### What to work on:
Find the line with "fleuve au dessous" in the records below. Output exactly from there until after the line with "Police Investigate Fox St. Crash", without pictures.

### Data for processing:
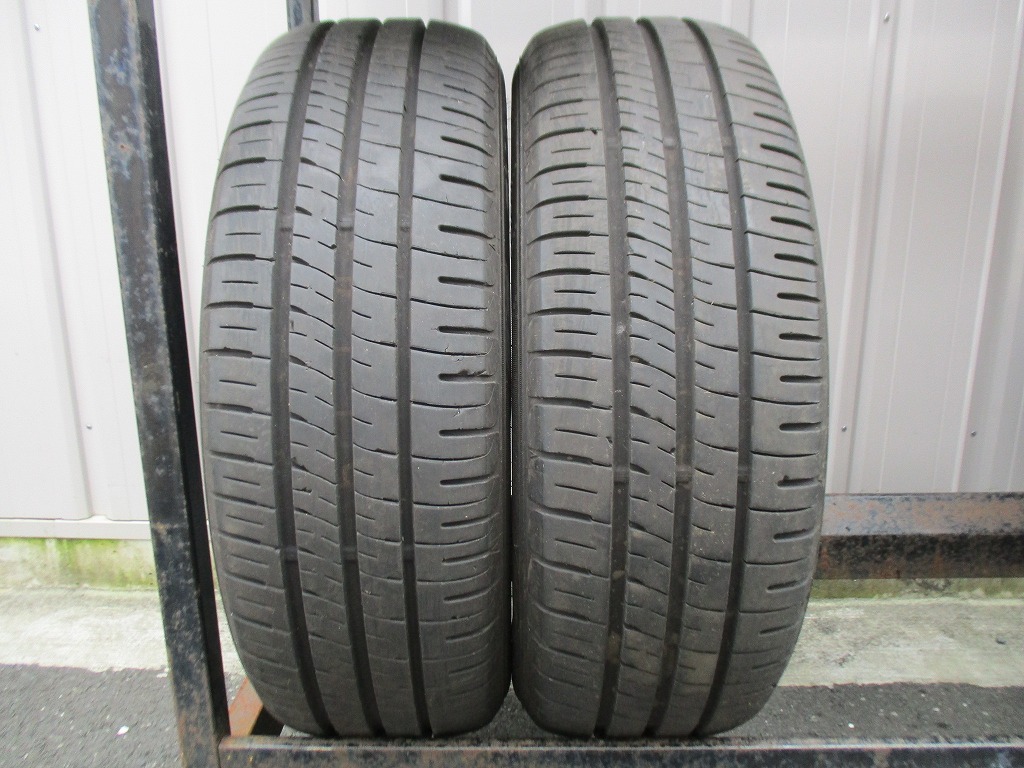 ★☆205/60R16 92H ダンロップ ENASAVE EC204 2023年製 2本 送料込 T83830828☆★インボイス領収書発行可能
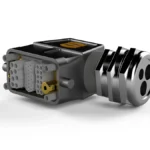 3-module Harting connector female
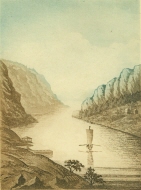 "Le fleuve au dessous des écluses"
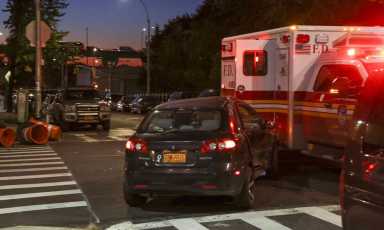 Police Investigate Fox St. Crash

==

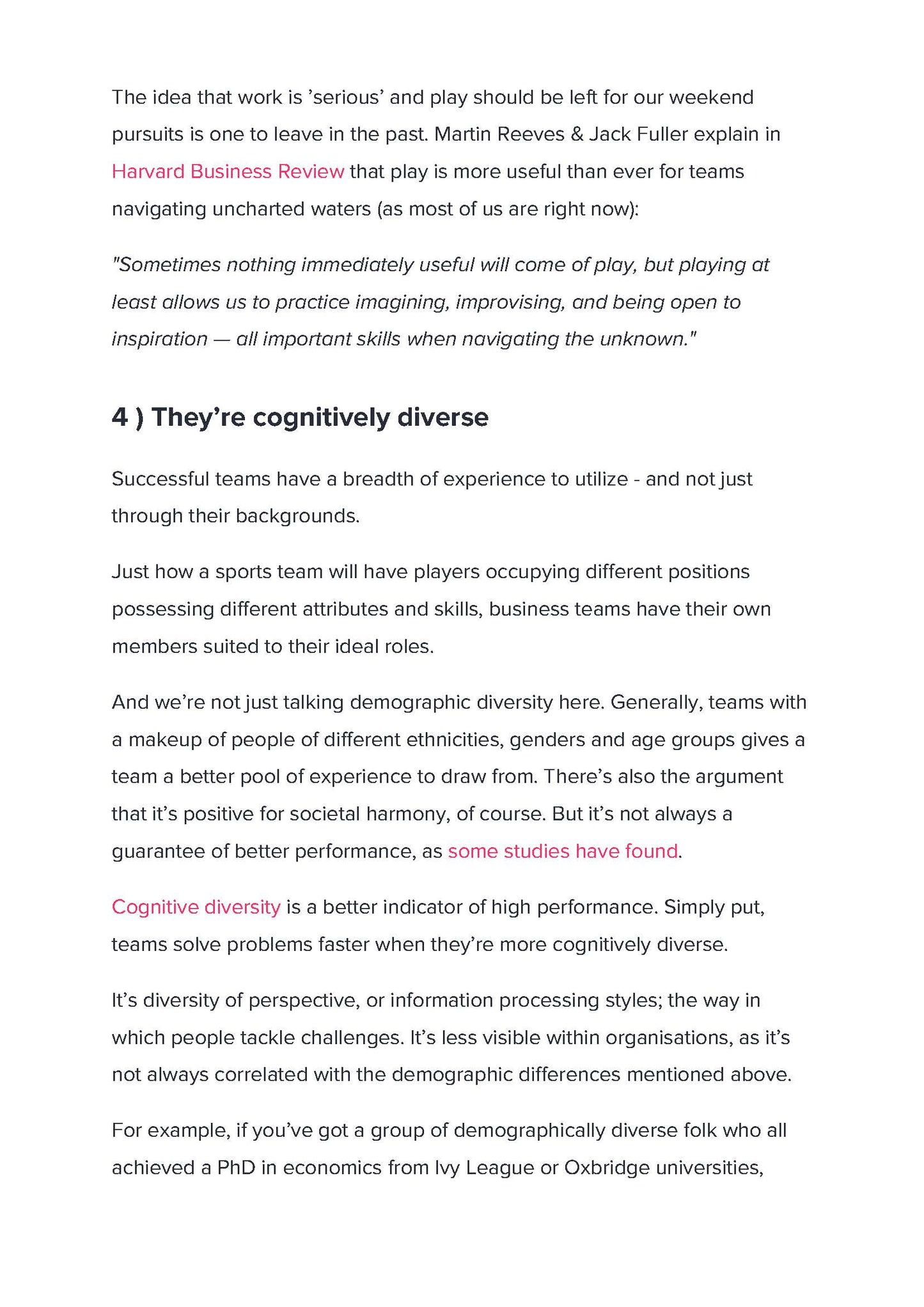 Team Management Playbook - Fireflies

--

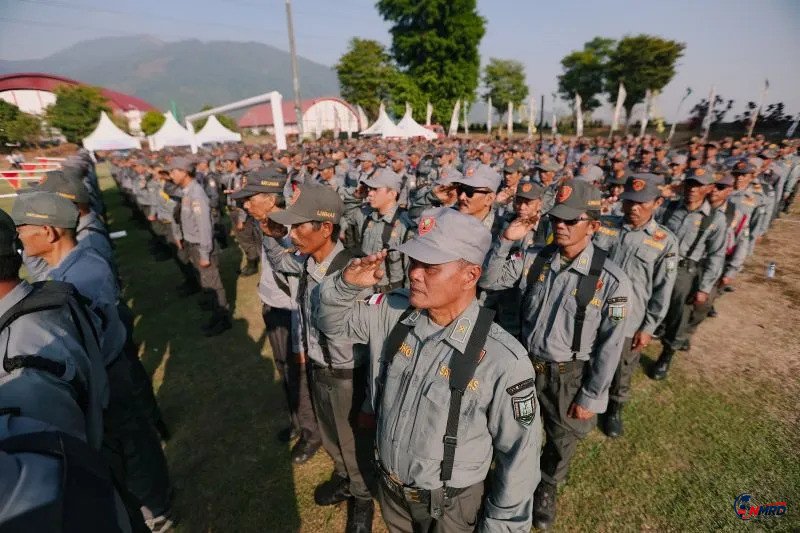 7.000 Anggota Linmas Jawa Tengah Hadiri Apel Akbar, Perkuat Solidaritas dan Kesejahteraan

### Output below:
 "Le fleuve au dessous des écluses"
 Police Investigate Fox St. Crash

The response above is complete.